Goya, impatient and irascible by nature, could ill bear the malevolent insinuations, allusions, and contemptuous terms; he found himself stifling in such a poisoned atmosphere. Residence in Madrid had become impossible for him; the greater number of his friends, less fortunate than he, had already been forced into exile; and since the persecution showed no signs of abating, he saw his circle of friends dwindling day by day. At last he made up his mind to leave a native land that had grown so inhospitable and hostile. He asked the king for a leave of absence, and upon obtaining it crossed over into France.

THE CLOSING YEARS

Goya went first of all to Paris, but he made a stay there of short duration. Almost all his friends from Madrid, whom Ferdinand VII. had driven from Spain, had taken refuge in Bordeaux, where they formed a veritable colony. He proceeded to join it and decided to settle down among them.

He did not, however, remain inactive. This prodigious worker, who was now nearly eighty years old, could not resign himself to rest; he once again took up his brush with a hand which his great age could not yet cause to tremble. Besides, he was not well off, possessing scarcely anything besides his house in Spain and his pension as First Painter.

Accordingly, he continued to paint genre pictures and numerous portraits. Those of Don Juan Maguire, M. Pio de Molina, and M. J. Galos date from this epoch. He also painted another of his friends, also exiled, whom he met again at Bordeaux--Moratin, the celebrated Spanish poet, who, carried away by his passion for democracy, had sung the French invasion in eloquent stanzas and now expiated his error in exile.

Besides the portraits, Goya painted some very beautiful miniatures on ivory, and he renewed his experiments in lithography, which he had already undertaken in Madrid some years previous. His four large examples representing Bull Fights are masterpieces of colour and of movement.

In 1827 Goya had to journey back to Madrid, in order to make a personal appeal to the king for an extension of his leave of absence. Since he could not persuade Goya to remain, the king freely granted the favour requested; but he imposed one condition, and a very flattering one to the artist: namely, that he would first allow his portrait to be painted by Don Vicente Lopez, at that time Pintor da Camara. This portrait is now to be seen at the museum in Madrid.

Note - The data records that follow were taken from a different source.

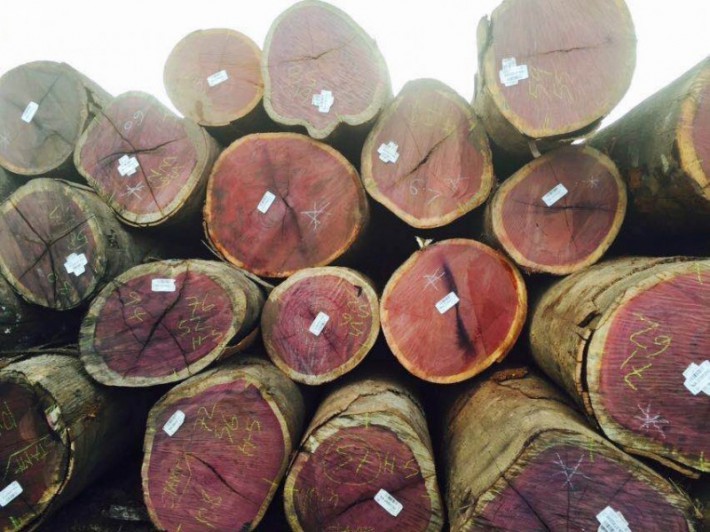 张家港原木板材走货是平常的1/3至1/4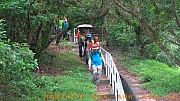 Thumbnail of pic_Billy_Lau_158.jpg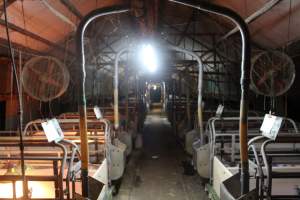 Other Farrowing Shed - Captured at Glasshouse Country Farms, Beerburrum QLD Australia.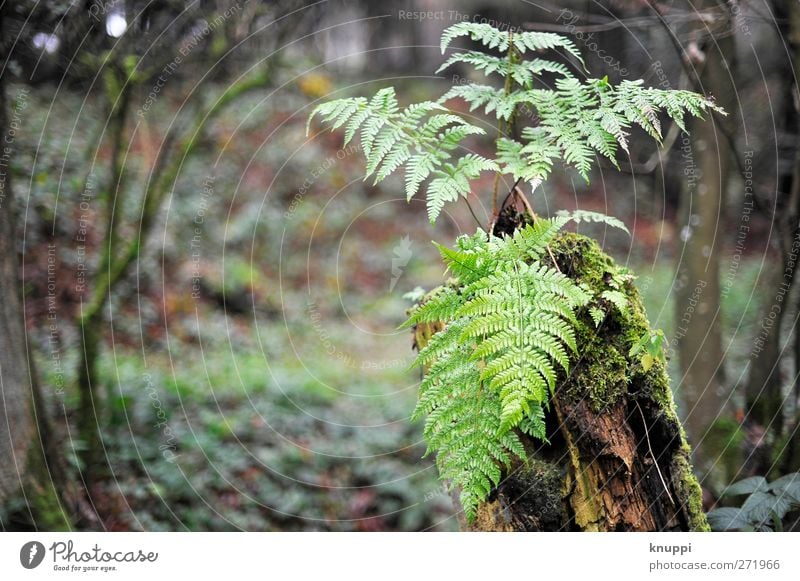 Regen-Wald Umwelt Natur Pflanze Urelemente Wasser Wolken Sonnenlicht Sommer Wetter schlechtes Wetter Baum Sträucher Moos Efeu Farn Grünpflanze Wildpflanze Hügel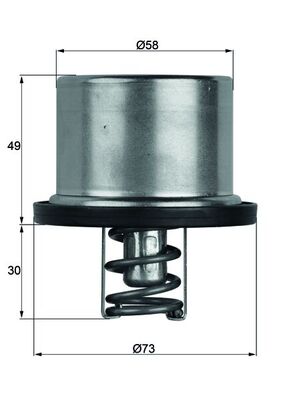 Thermostat d'eau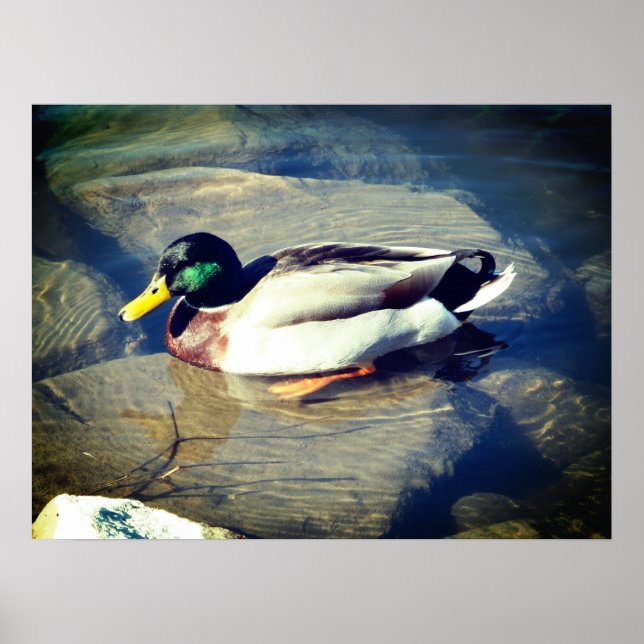 Affiche Mallard Duck (Devant)
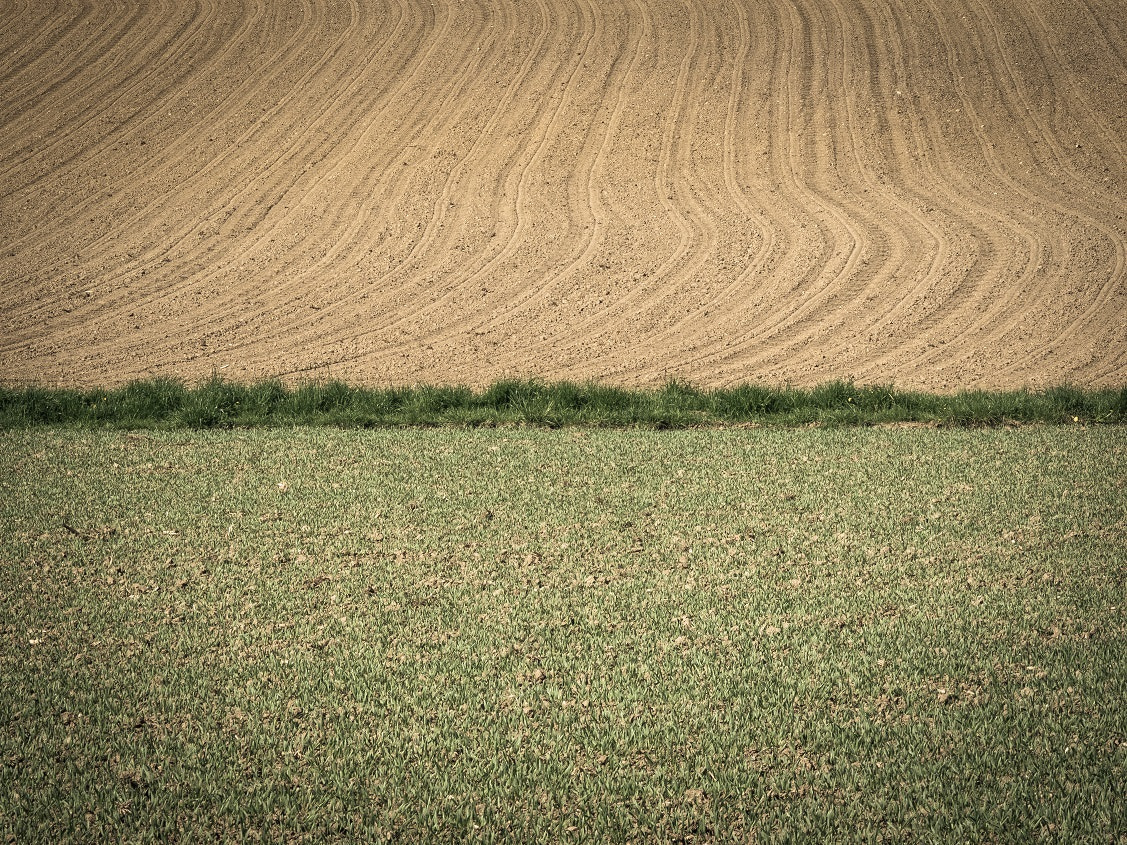 Olympus OM-D E-M1 + Panasonic Lumix G X Vario 35-100mm F2.8 OIS sample photo. Fields minimalist landscape photography photography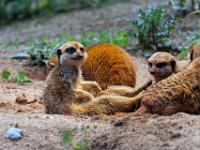 Erdmännchen
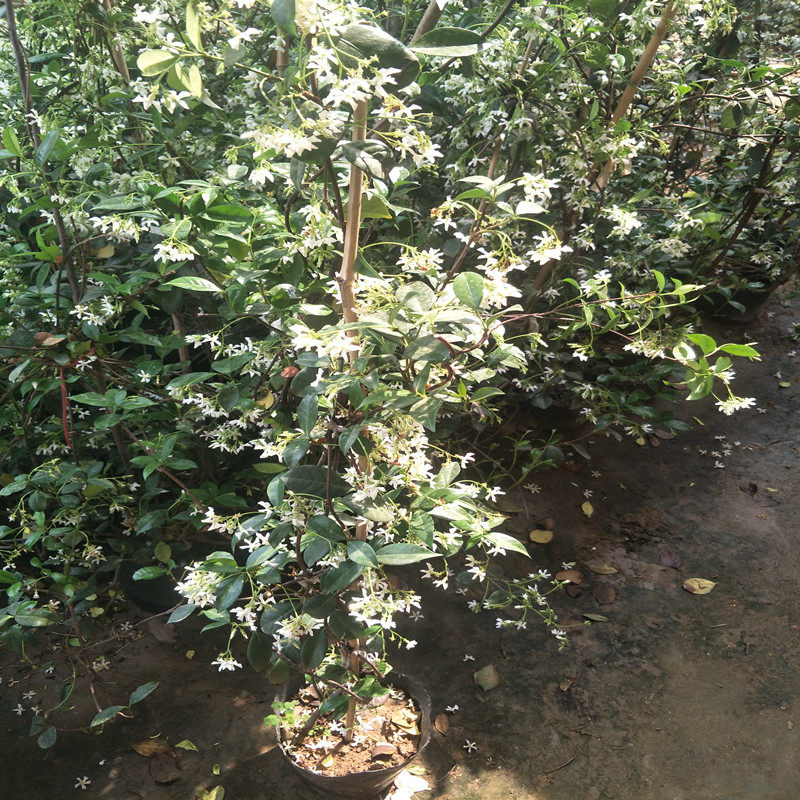四季不落叶爬藤植物络石藤大苗攀爬盆栽金银丝风车茉莉花苗浓芳香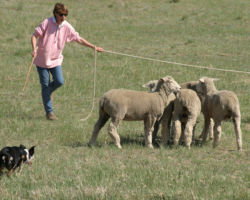 The Montana Stockdog Challenge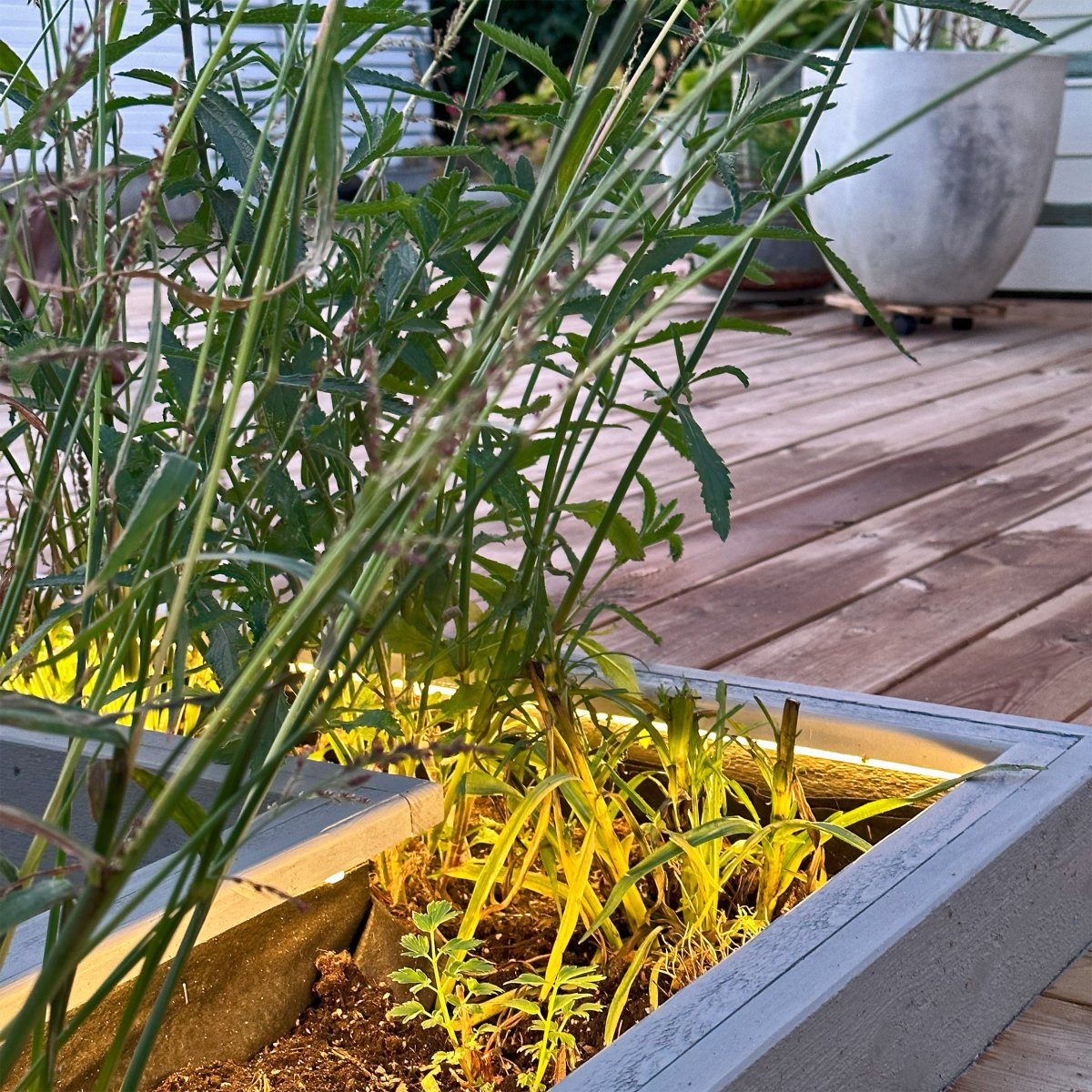 Strip (2.5m) Transparente De Lightson - También puedes colocarlo en el interior de una maceta o en el borde de un macizo de flores, donde puede resultar difícil conseguir un flujo de luz agradable y uniforme.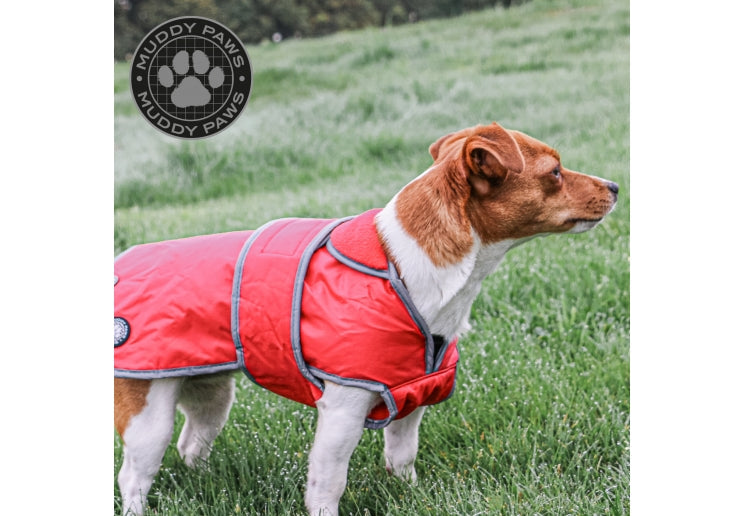 Stormguard Red Dog Coat Small/Medium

That same year he returned to Bordeaux and once more resumed his cherished habits and his brush and palette. Many of the works of this later period remained in France, and the museum at Bordeaux possesses a considerable number of them.

Goya still continued to work, but his hands had begun to tremble and he could no longer see without the aid of a lens. His strength was failing and he felt that the end was drawing near. He sent for his son, Xavier, who had continued to reside at Madrid; and a few days later, on the 15th of April, 1828, he passed away in the arms of his friends, at the age of eighty-two years and fifteen days.

Goya was truly a great artist in the noblest sense of the term. He possessed qualities which were at one and the same time substantial and brilliant; he was versatile and original, a spirited genre painter and a remarkable portraitist. “In the tomb of Goya,” writes Théophile Gautier, “the ancient art of Spain lies buried; gone forever is the world of the toreros, the majos, the manolas, the contrabandists, the alguazils, and the sorceresses, the entire local colour of the Peninsula. He arrived in time to gather all this together and to preserve it on his canvas. He fancied that he painted only ‘caprices;’ yet what he really did was to paint the portrait of bygone Spain, all the time convinced that he was giving his service to the new ideas and new beliefs.”